Semén. One can live well in the village, too.

First Peasant. Now here is Uncle Mítri, and he is covetous of your delicate life.

Semén. Uncle Mítri, you would get tired of it. It looks easy, but there is a great deal of running about. One gets all mixed up.

Cook. Uncle Mítri, you ought just to see their balls,—you would be surprised!

Third Peasant. Why, do they eat all the time?

Cook. No! You ought to have seen it! Fédor Iványch took me to see it. When I looked, I got scared. Oh, how they were fitted out! You never saw the like! Naked down to here, and their arms bare.

Third Peasant. O Lord!

Second Peasant. Fie, what nastiness!

First Peasant. The climate, so to speak, permits it.

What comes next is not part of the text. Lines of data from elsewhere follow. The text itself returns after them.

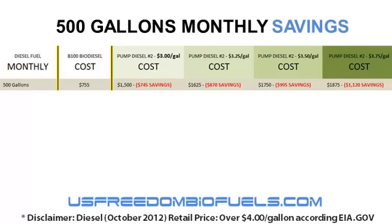Now if you went to the pump and let's say you were an agricultural operation getting it without taxes — no road tax — you'd be paying today somewhere between $3 and $3.25 a gallon. Let's use, for the sake of argument, $3 per gallon. Even at $3 per gallon diesel fuel cost, if you were going through 500 gallons of fuel a month, your savings would be $745 per month. But what if your fuel price rises to $3.75 a gallon?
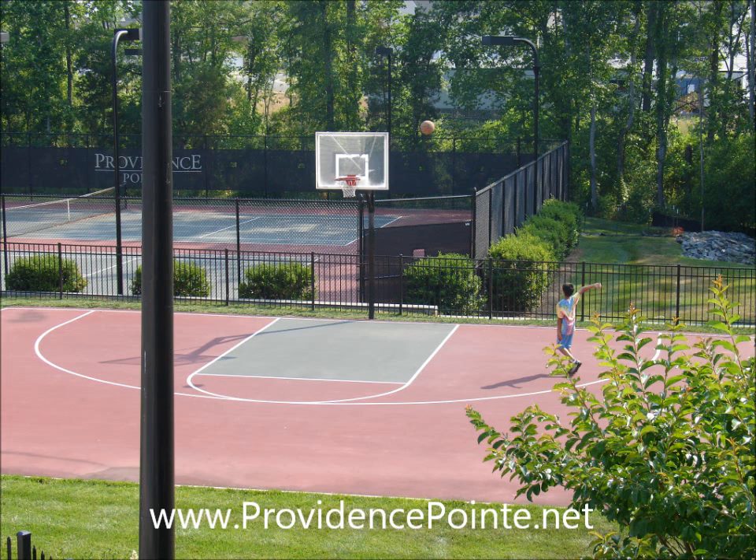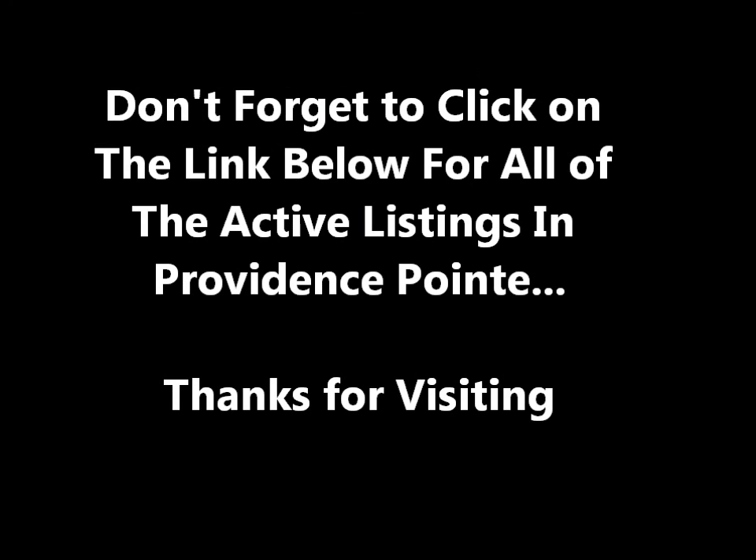For all of the active listings in the Providence Point community, please click on the link below.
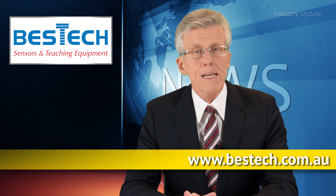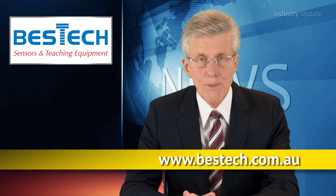For more information, visit bestech.com.au. I'm Tim Webster. Thanks for watching.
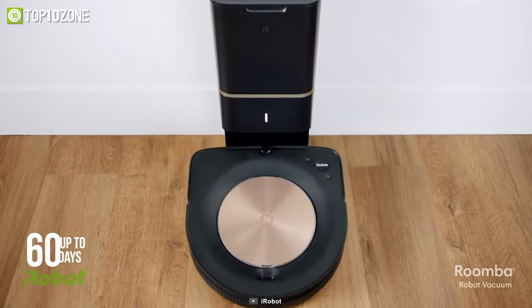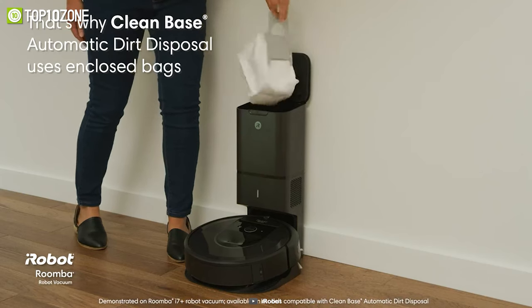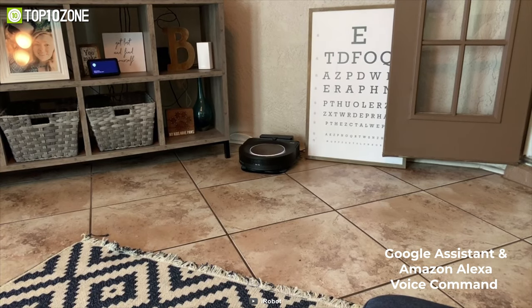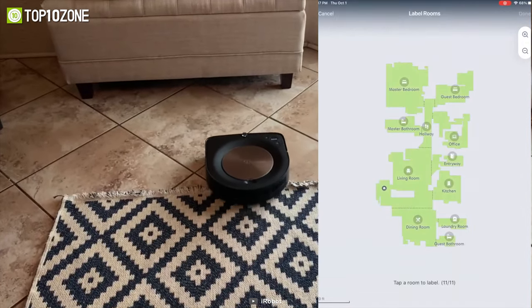Another cool feature is the Clean Base automatic dirt disposal system that allows the Roomba to empty itself for up to 60 days, making you forget about dumping dirt and dust for a very long time. It also has Google Assistant and Amazon Alexa voice command features and offers an iRobot Home map with which you can tweak various advanced settings on the go.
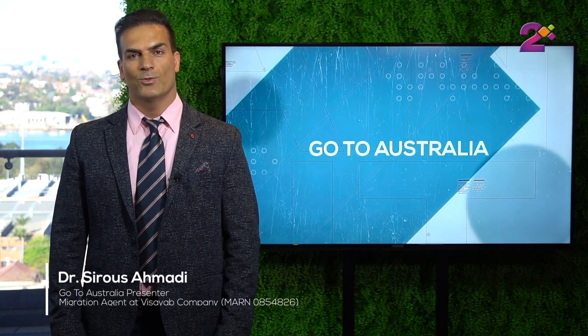Hello everybody, welcome back to your show, the Go to Australia show. In the last two episodes we have talked about Australia, Australian visas in general, and then we talked about Australian skilled visas.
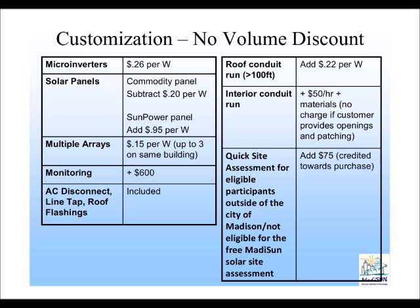In terms of the solar panels themselves, if you choose what the installers call a commodity panel — traditionally a foreign-made panel that is a cheaper option for homeowners — you can actually take off about $0.20 per watt from the pricing schedule shown a couple slides earlier. Conversely, you can choose to upgrade your panel type to the SunPower high-efficiency panel, and that cost is about $0.95 per watt.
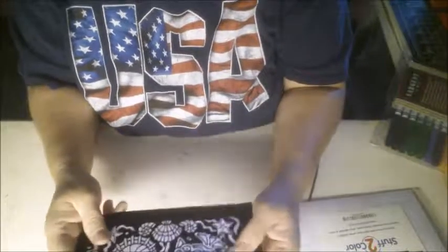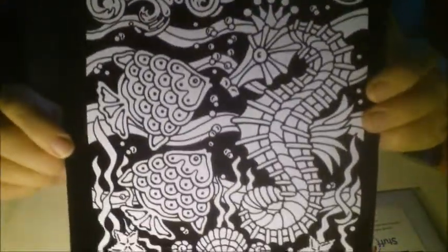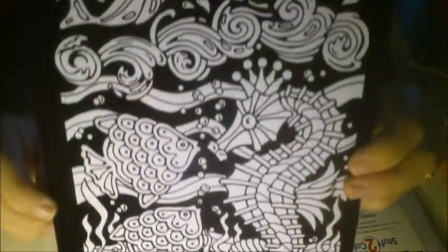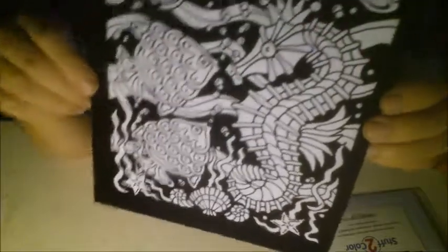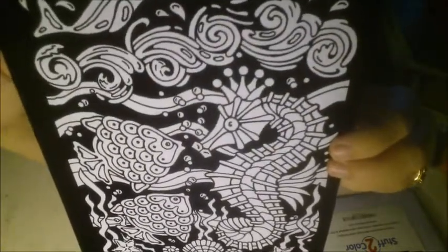Good morning, everybody, and welcome to Coloring Wednesday. Today's picture is posting the seahorse with some fish and some starfish, and I'm going to get this colored up for you. When I do, I'll come back and let's go see what it looks like. I'll be back in a bit. Bye-bye for now.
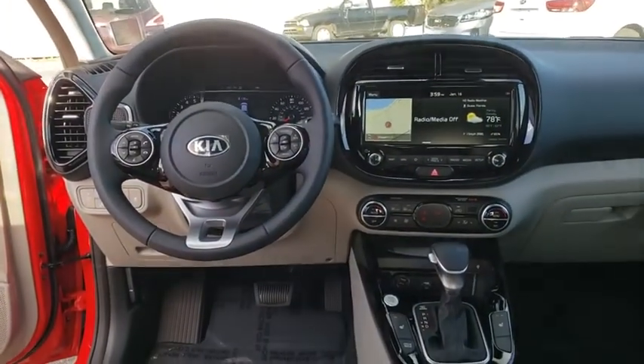Keyless start, aluminum wheels, four-wheel disc brakes, cruise control, climate control, AM-FM stereo radio.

Cook. So, uncle, I looked at them, and I saw they were all of them naked. Would you believe it, the old ones—even our lady who has grandchildren—were bare, too.

Second Peasant. O Lord!

Cook. What do you think? When the music struck up, and they began to play, the gentlemen came up and embraced the ladies and began to whirl around.

Second Peasant. The old women, too?

Cook. The old women, too.

Semén. No, the old women remain sitting.

Cook. What are you saying? I saw them myself.

Semén. I tell you, no.

Old Cook (sticking his head out, in a hoarse voice). This is the polka-mazurka. Oh, you fool, you don't know anything that's the way they dance—

Cook. You, dancer, keep quiet! Somebody is coming.